Stefan Jäggi über die Buchungsstände der Generalisten

Viel besser ist es nicht geworden. Dies ist wohl die Kernaussage des Vergleichs zwischen den Buchungsständen der Generalisten im Mai 2011 und heute. Es läuft zwar nicht schlecht – die meisten bewegen sich leicht über oder leicht unter Vorjahresniveau. Richtig vorwärts geht es dennoch nicht, und der erhoffte Schub durch jene Kunden, die im Frühling mit der Buchung abgewartet haben, ist nicht eingetroffen. Der Buchungsbarometer von Reise-Treuhand Zürich etwa zeigt für den Juni ein Minus von 7,5% an. 

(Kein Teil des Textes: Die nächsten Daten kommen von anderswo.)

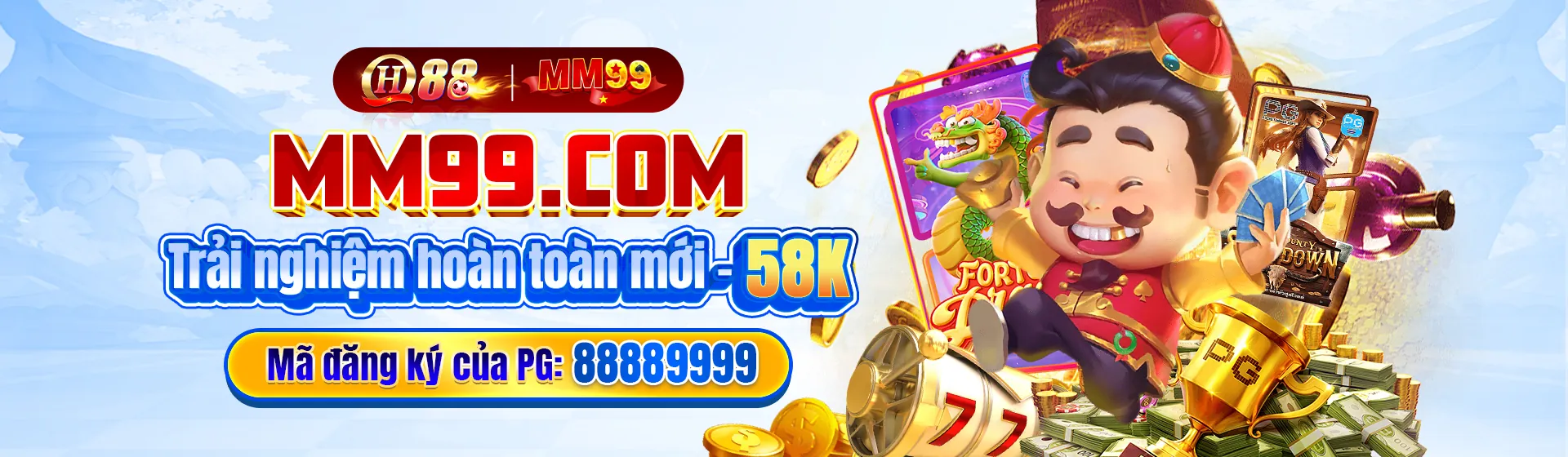 Đội ngũ hỗ trợ khách hàng chuyên nghiệp của Queen99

Die relativen Zahlen sind immer mit Vorsicht zu geniessen. Je nachdem, was in der Vorjahresperiode geschehen ist (Stichwort Aschewolke), ist es im kommenden Jahr einfacher oder schwieriger, die Vorjahreszahlen zu toppen. Zudem können der stetig sinkende Eurokurs und der damit verbundene Preiszerfall dazu führen, dass – wie beim Beispiel ITS Coop – der Umsatz hinter Vorjahr liegt, obwohl die Paxzahlen aus dem Vorjahr erreicht wurden.

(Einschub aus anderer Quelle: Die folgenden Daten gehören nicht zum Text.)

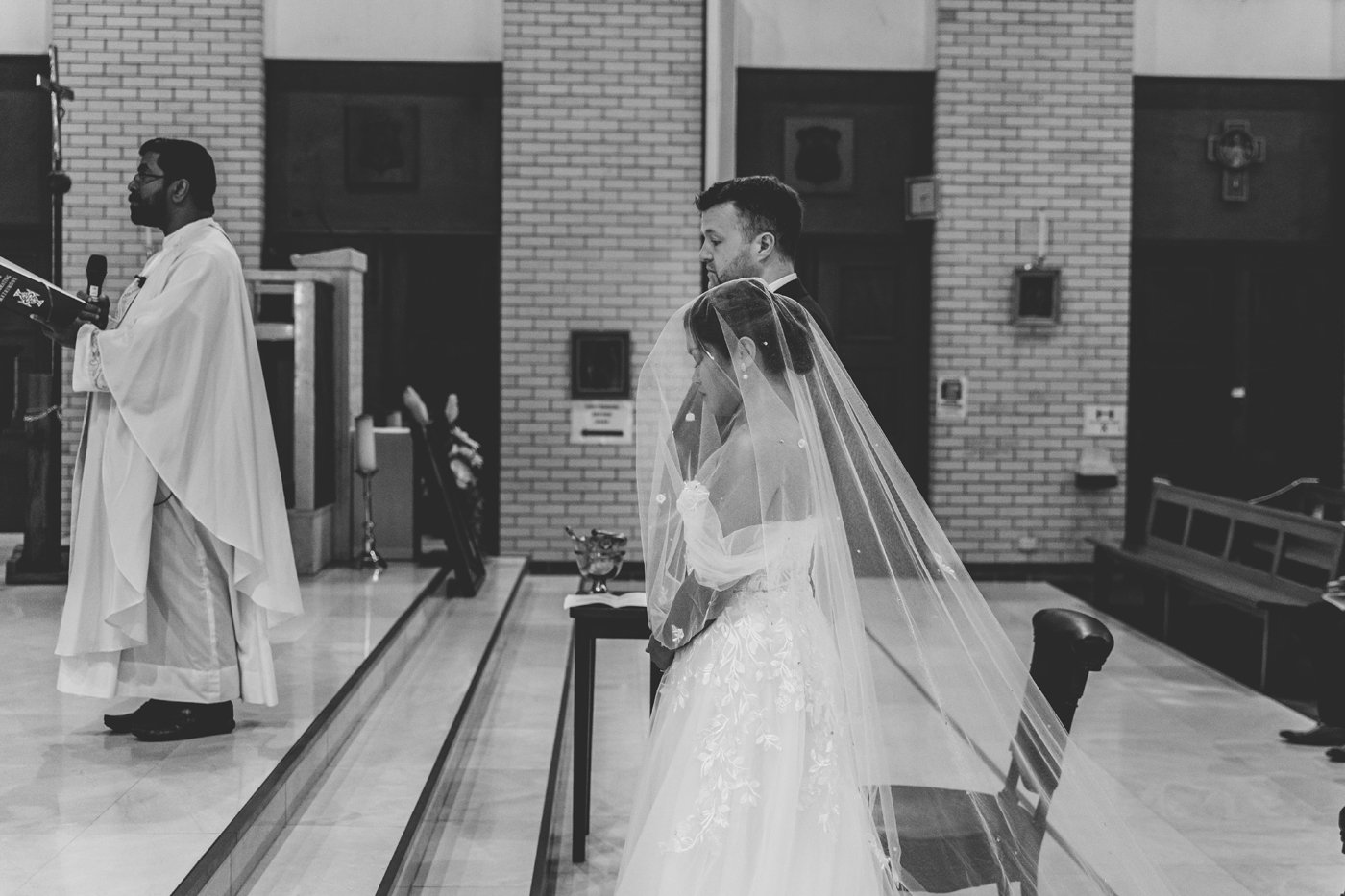 Monica Kristin Photography Wedding Cairns Photographer Bride Groom Queensland12.jpg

Dennoch: Man hat das Gefühl, dass eigentlich mehr drin wäre. Die Buchungsstände für die Badedestinationen auf der Kurz- und Mittelstrecke zeigen im Vergleich zum Vorjahr weiterhin meist nach oben, wenn auch hier und dort nicht mehr so deutlich wie noch im Mai. Und mit der Langstrecke sind die Veranstalter – ebenfalls wie schon im Mai – durchaus zufrieden.

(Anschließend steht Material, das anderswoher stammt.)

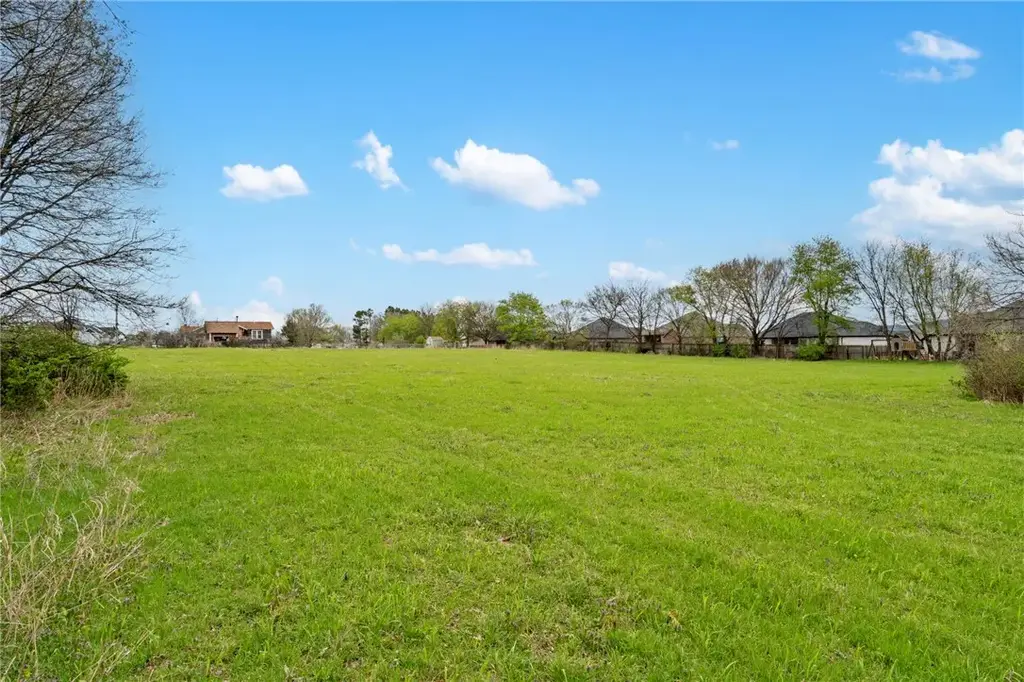 Lot 1, 12253 Clyde Carnes Road, Farmington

Leider sind auch die Faktoren, die bessere Resultate verhindern, noch dieselben wie im Mai. Der Aufschwung für die krisengeschüttelten Destinationen Ägypten und Tunesien zeigt sich erst sehr zaghaft. Die Ägypten-Spezialisten melden seit wenigen Wochen wieder eine leicht steigende Nachfrage, und aus Deutschland vernimmt man auch erste Anzeichen einer Erholung für den tunesischen Markt. Doch die beiden Destinationen, insbesondere Ägypten, bereiten den Generalisten weiterhin Sorgen. In jüngsten Medienberichten geben sowohl Hotelplan-Suisse-CEO Thomas Stirnimann als auch Kuoni-Chef Peter Rothwell zu Protokoll, dass ein positives Jahresresultat stark von den weiteren Entwicklungen in Nordafrika abhänge. 

So schauen viele Veranstalter mit einem mul-migen Gefühl dem September entgegen; dann sollen in Ägypten Wahlen stattfinden. Neuerliche Unruhen kurz vor dem enorm wichtigen Herbst- und Wintergeschäft könnten sich nicht nur auf die Ägypten-Zahlen, sondern auf die gesamten Buchungszahlen der Generalisten verheerend auswirken. Es wird ein spannender Herbst.